The fact is, this could be a downright bad idea. But hey, it's possible, simple and fun! Perhaps someone will find this useful and applicable for their setup.

Configuring Elasticsearch

The first step is to configure Elasticsearch so that logs can be piped into Logstash. There are several ways to do this in Log4J, but the method chosen was to pipe the logs to Logstash over a socket.

The advantage of this method is that you can have several ES nodes all sending data over a socket to a single Logstash server. If you chose something else, like monitoring files, the Logstash server would need access to each server to access the file.

There are two modifications to the default `logging.yml` file that you must make(the final logging.yml can be found in this gist). First, tell ES that we are adding a new output logger by appending a “socketappender" label the `rootlogger` line:

rootLogger: INFO, console, file, socketappender

Next, place this configuration code at the bottom of your file:

socketappender:
   type: org.apache.log4j.net.SocketAppender
   port: 9500
   remoteHost: localhost
   layout:
      type: pattern
      conversionPattern: "[%d{ISO8601}][%-5p][%-25c] %m%n"
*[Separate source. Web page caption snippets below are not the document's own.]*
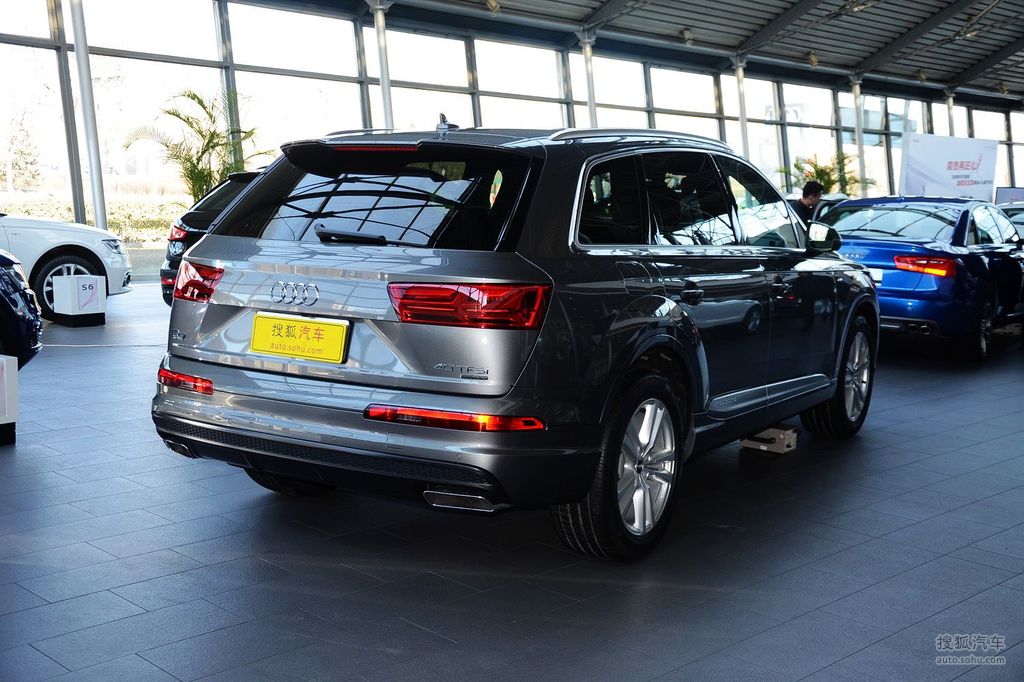 【 奥迪q7高清图片】_2016款 40 tfsi 舒适型_石墨灰_外观_搜狐汽车网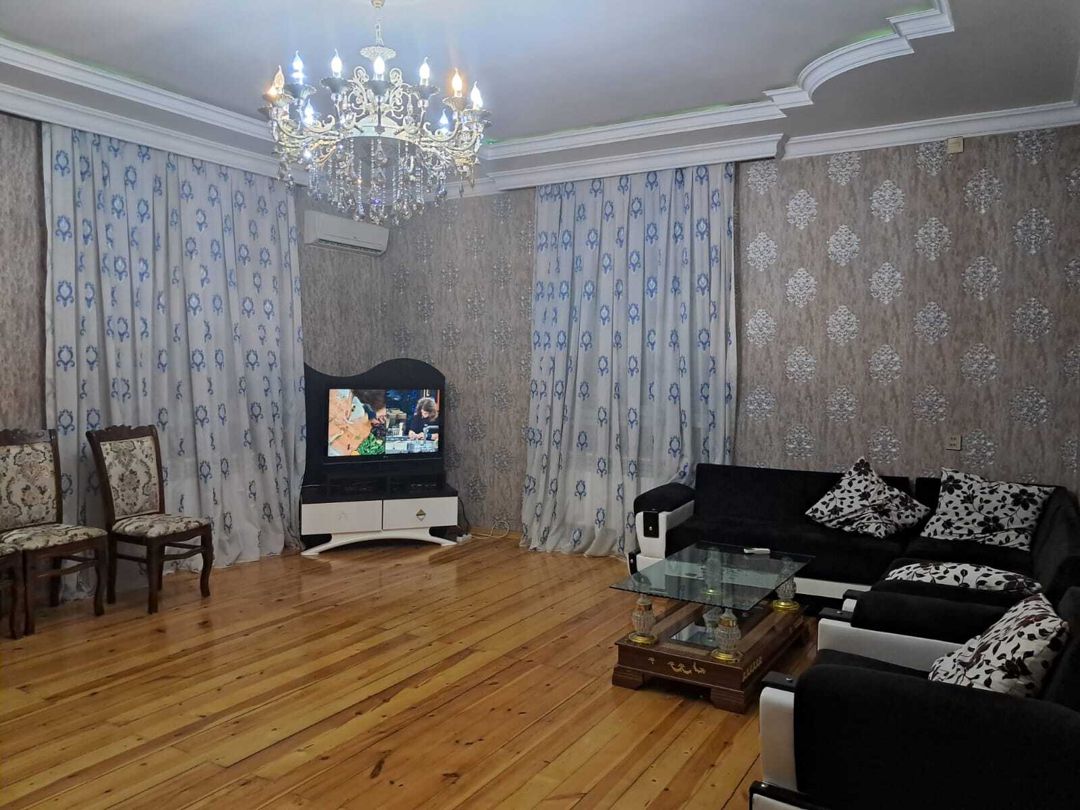 İcarəyə verilir 9 otaqlı həyət evi/bağ evi 300 m² — Ev, villa, Bakı (2)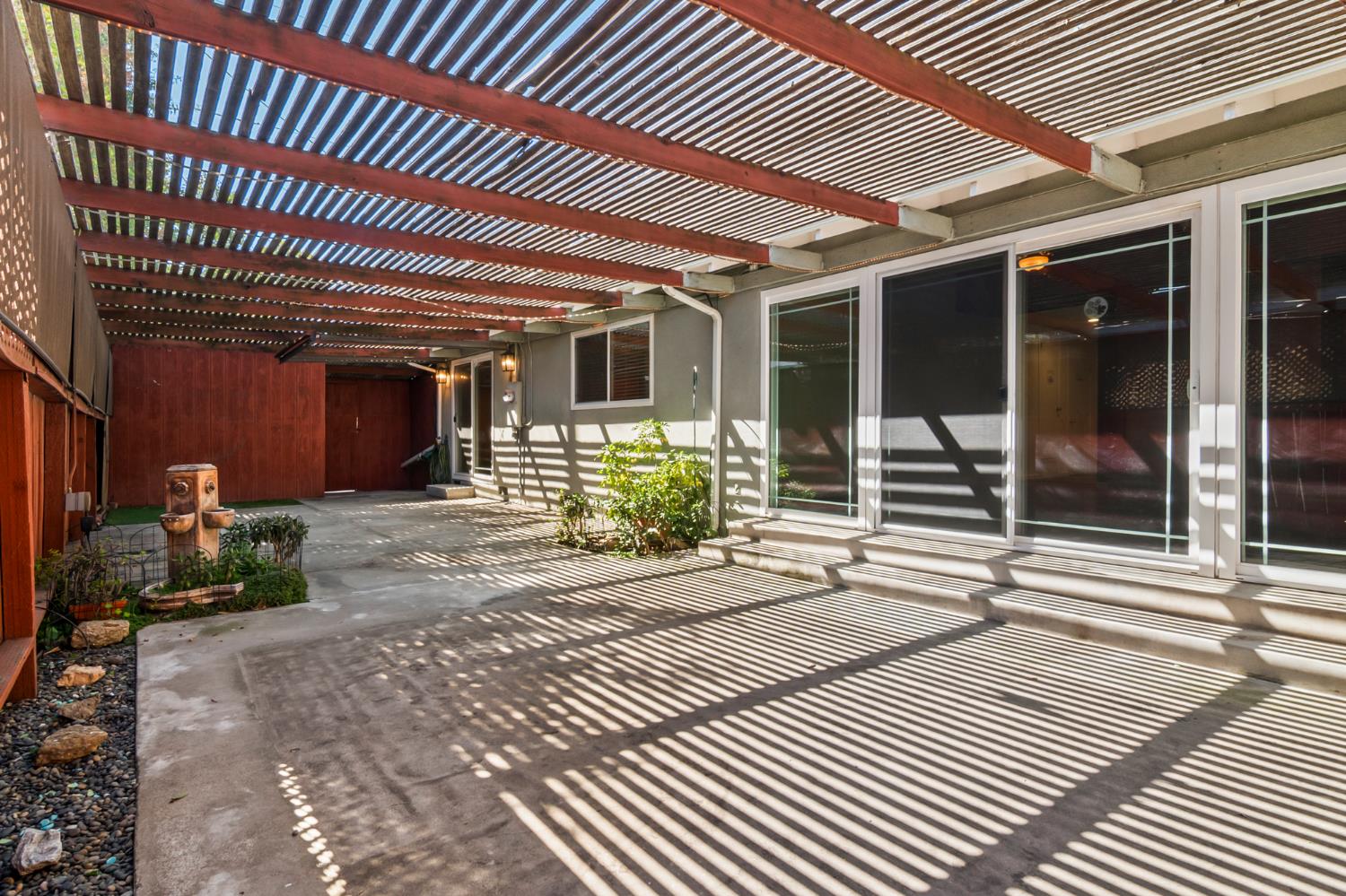 1310 Del Vale Ave, Modesto, CA 95350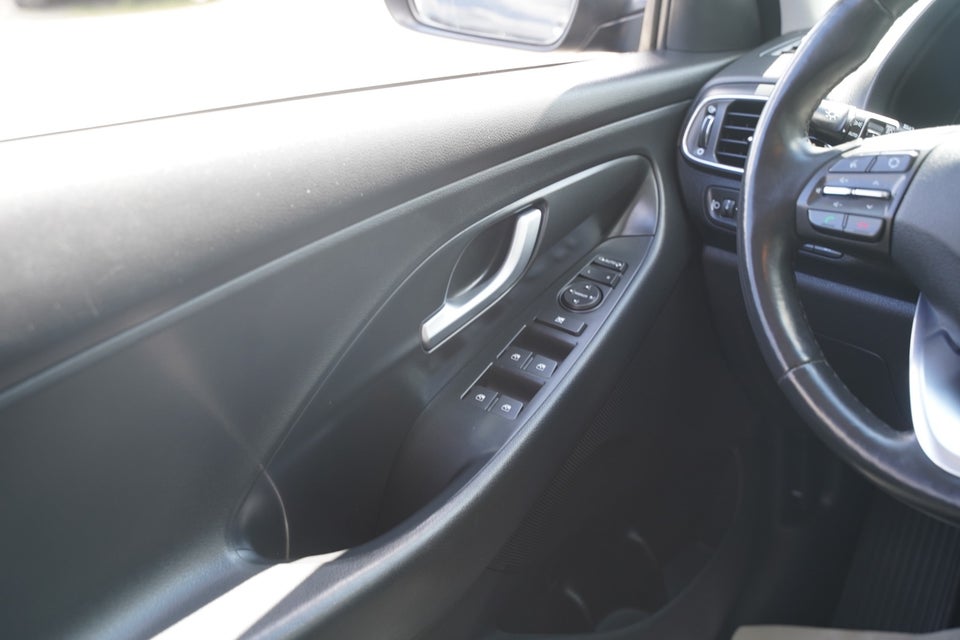 Hyundai i30 1,6 CRDi 115 Premium stc. 5d
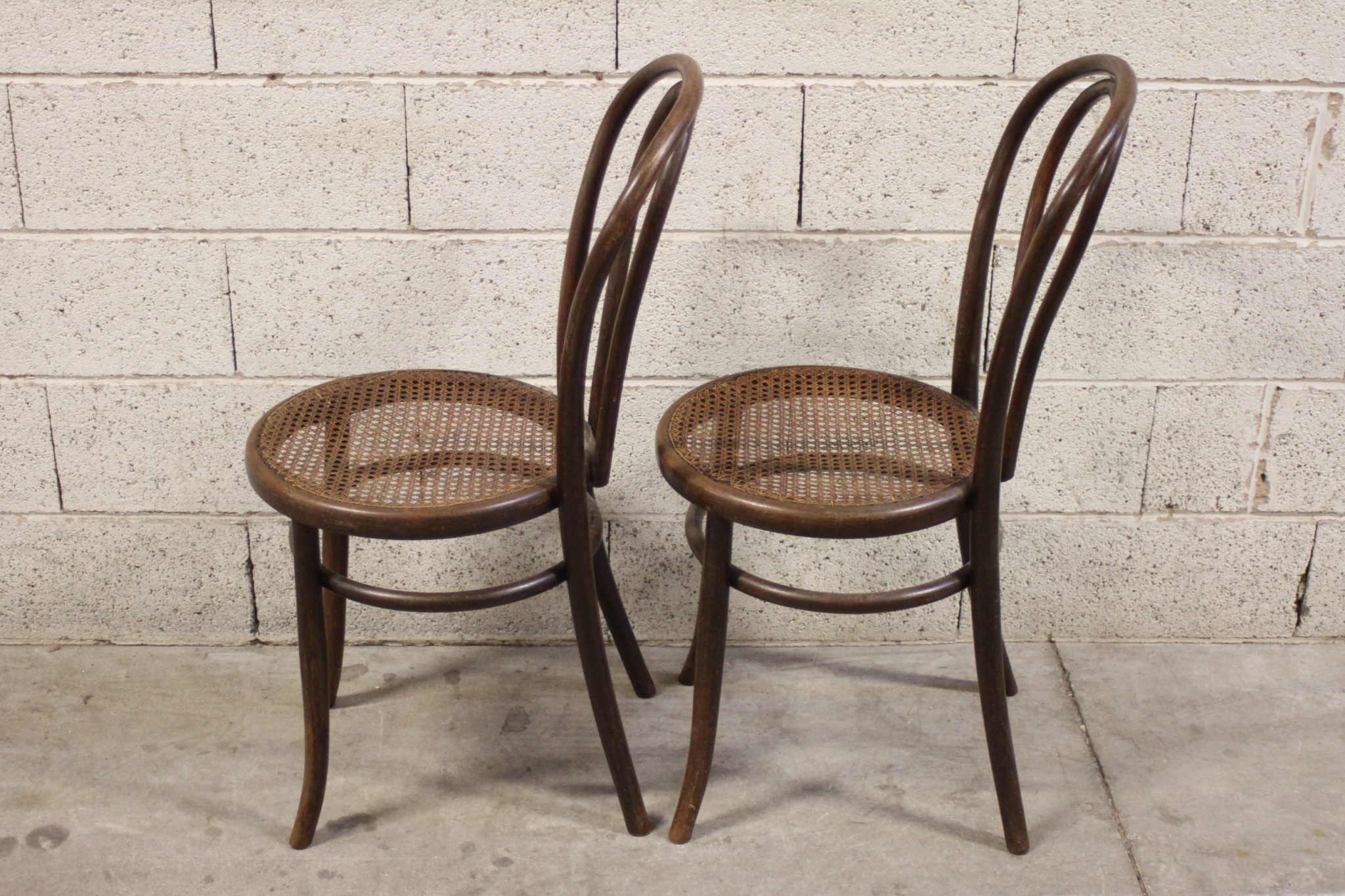 paire-de-chaises-anciennes-bistrot-rondes-bois-rotin-mobilier-occasion-emmaus-scherwiller-etikette (4)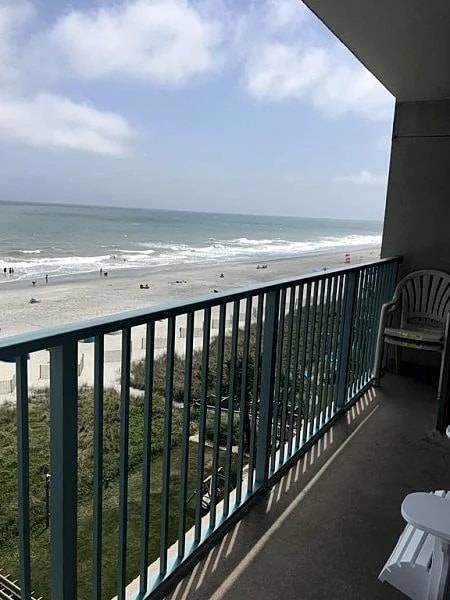 SEA BREEZ - Direct Oceanfront condo, end unit -New listing, Newly remodeled in Myrtle Beach, South Carolina, United States — photo 3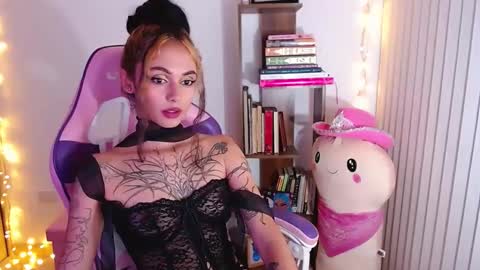 Snapshot of bluee_v chatting on 09/17/25, 01:51 Im Abril .. Nice to meet you thumb up me please its important INDEPENDENT MODEL online show from 09/17/25, 01:51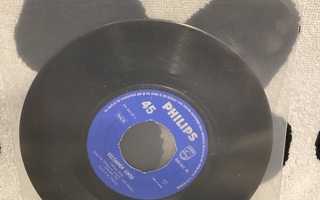 Tuula Ja Paula – Keltainen lintu / Pepito 7"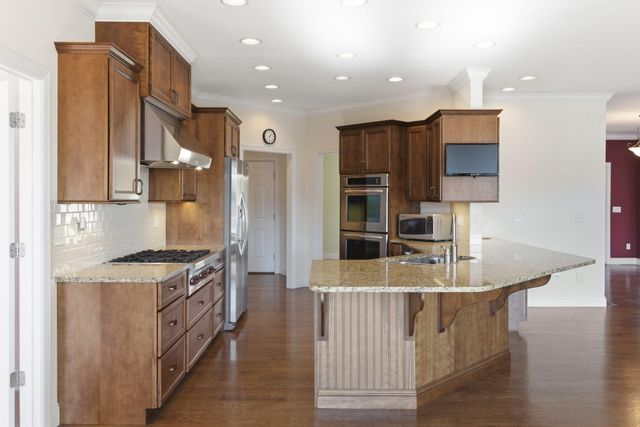 138 Lazarus Road, Branson West, MO 65737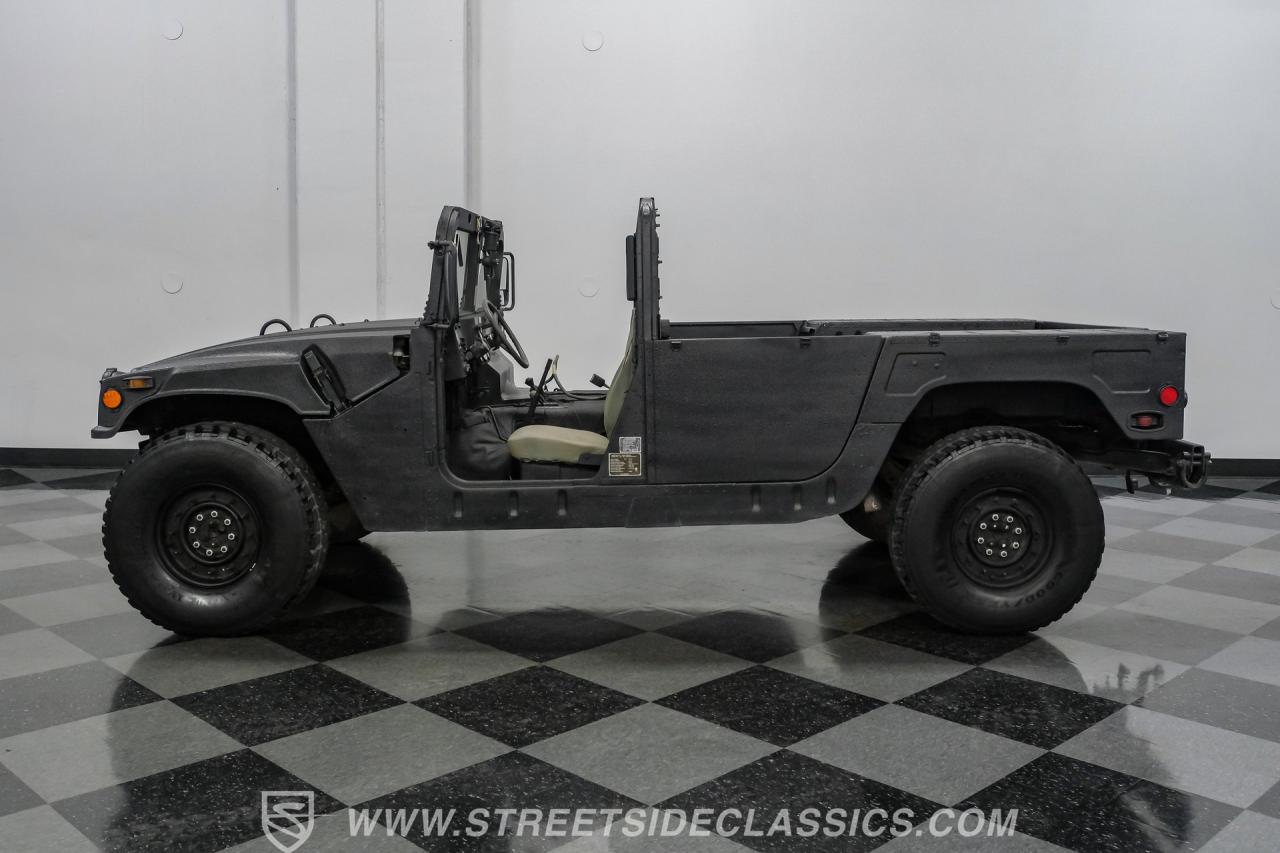 2007 AM General M1097R1 Humvee Pickup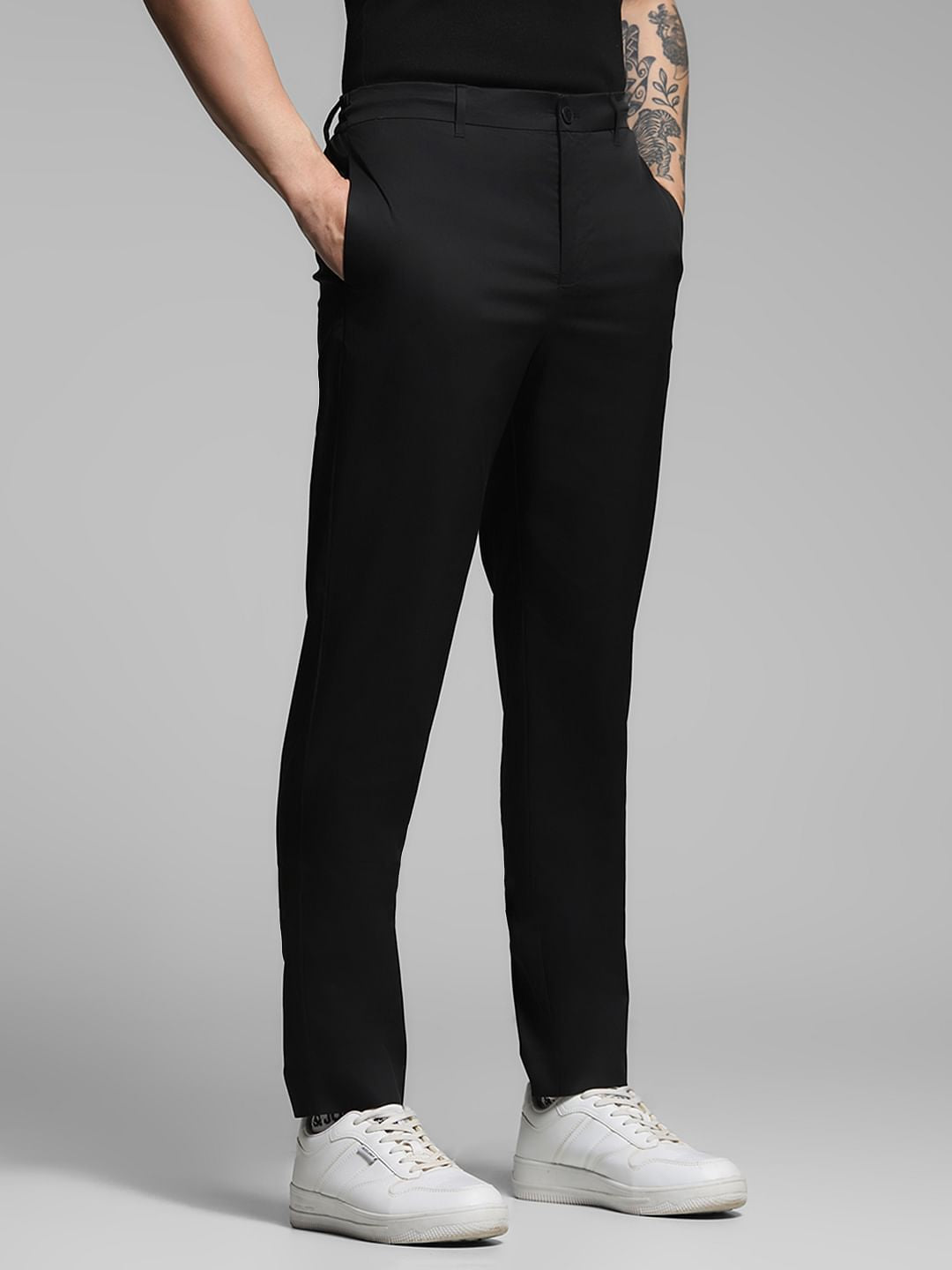 Black Mid Rise Slim Fit Pants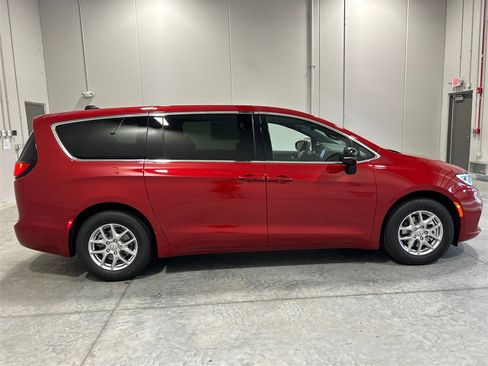 New 2026 Chrysler Pacifica Select image 5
This config block says that the label “socketappender" is an `org.apache.log4j.net.SocketAppender` class, connects to `remoteHost` on `port` 9500. You can, of course, change the host and port to suit your fancy. The layout section is copied from prior logging examples in the file, and basically controls how the log output should be formatted.

Save the file and restart Elasticsearch, and you're done with configuring ES. Simple!

Configuring Logstash

I'm going to assume that you have Logstash installed and know how to use it. What we need to do is tell Logstash to act as a Log4J server, so that it can accept socket connections from Elasticsearch. Create a new configuration file and place this inside:

input {
   log4j {
      mode => "server"
      port => 9500
      type => eslogs
   }
}
output {
   stdout { debug => true debug_format => "json"}
   elasticsearch {
      type => eslogs
      cluster => "elasticsearch"
   }
}

This config file makes Logstash act as a Log4J server on port 9500. Any log events accepted over the Log4J server will be set as the “eslogs" type. The output section is fairly typical of an ES-logstash setup – adjust as necessary to connect to your ES cluster. Make sure the “type" is set to whatever was set in the input. Fire up Logstash with this configuration and you are all done!

Conclusion

If everything is setup correctly, ES will now be piping log data into Logstash, which will then pipe it back into your ES cluster. If you have Kibana installed, you can easily start searching your ES log data.

The usefulness of this entire setup is a bit suspicious. On one hand, it gives you the power and flexibility of ES for digging into your ES logs, probably after a crisis has been resolved and you are looking for the root cause. It centralizes and collects all the logs of your cluster into one location for debugging, instead of hunting through a dozen individual log files and trying to piece together the sequence of events.

On the other hand, if nodes are dropping in and out of your cluster due to problems, their log data is by default not going to be available…so this setup would not be overly useful during the actual crisis itself. It also adds more overhead to your cluster in terms of indexing, which could be the last thing you want if your cluster is melting down. It could also generate a significant amount of traffic depending on how you have your logging set (e.g. you probably don't want Debug set on all your nodes).

Regardless, it's a fun little experiment that makes you appreciate the power and flexibility of all the tools described above.